Top Ten Garden Pests
The unwelcome garden visitors that come back every year. Here’s a rundown of who they are and how to send them away.
Slugs. These garden molluscs, along with their close relative the snail, are one of the most elusive pests in the vegetable patch. At night time they feed on most crops; damaging foliage, roots, stems and bulbs before retreating out of sight in daylight. It is possible to hunt for them with a torch at night while they are active.
Beer traps, copper barriers and organic ferrous phosphate based pellets will have some impact while encouraging birds and frogs to the garden, their natural predators, will help to keep the population at bay.
Cabbage White Butterfly. The caterpillar of the cabbage white can cause extensive damage to all brassicas, stripping leaves and tunnelling into roots. Vigilantly remove caterpillars and eggs and protect plants with netting or mini polytunnels. Encourage predatory birds by hanging feeders nearby.

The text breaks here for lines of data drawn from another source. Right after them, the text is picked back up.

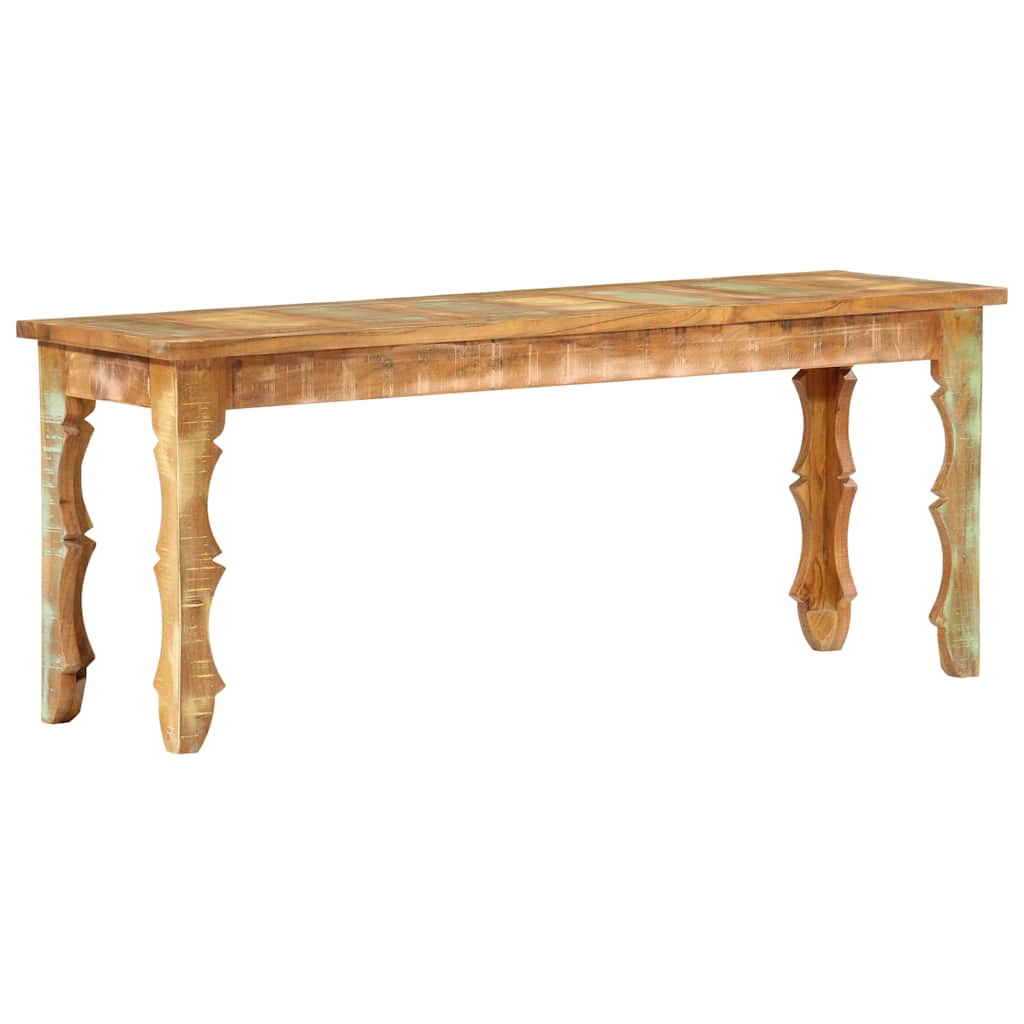 Vidaxl bankje 110x35x45 cm massief gerecycled hout
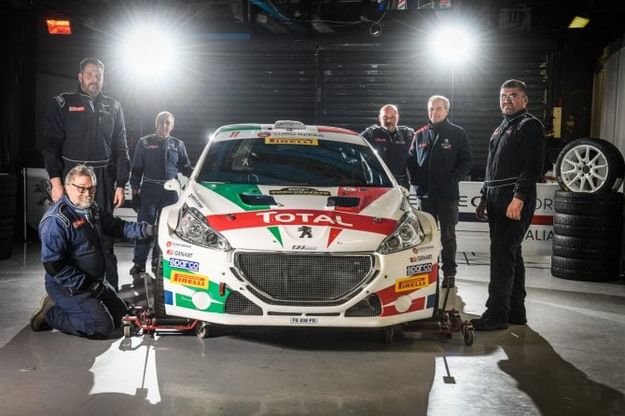 Colorazione patriottica speciale per la Peugeot 208 T16 R5 di Andreucci Andreussi al Monza Rally Show 2018
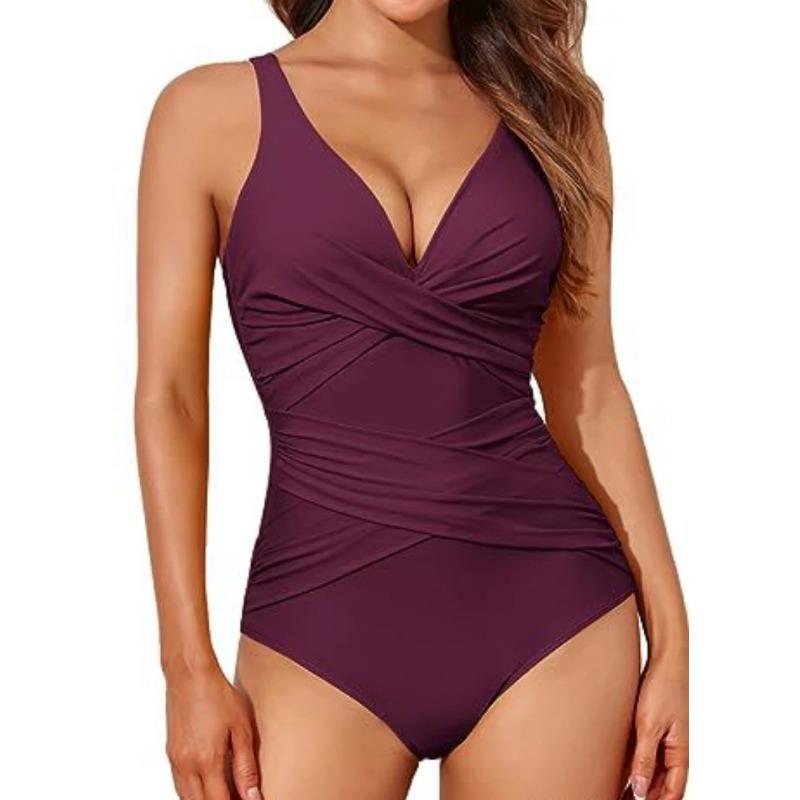 Vintage One Piece Swimsuit Sexy Printed Swimming Suit for Women Summer Monokini Swimwear Bathing Suits Boho Ladies Swimsuits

Rodents. Mice and voles are active all year round and will feed on germinating seeds, plant stems, tree bark and stored produce. Trapping or the introduction of a cat will discourage them. The use of poison can have a detrimental effect on other wildlife.
Carrot Fly. The fly larvae tunnel into the roots of carrots, parsnips and celery rendering them inedible and prone to rot. The low flying insect can be deterred by using 2ft/60cm mesh or polythene screens. Planting onions or other strong smelling plants nearby will mask the carrot smell which attracts the fly.
Aphids. Aphids such as greenfly and blackfly form huge colonies which can damage the stems and foliage of most plants. Ladybirds and wasps are their natural predators but more effective results can be achieved by spraying with any of a number of organic or chemical insecticides.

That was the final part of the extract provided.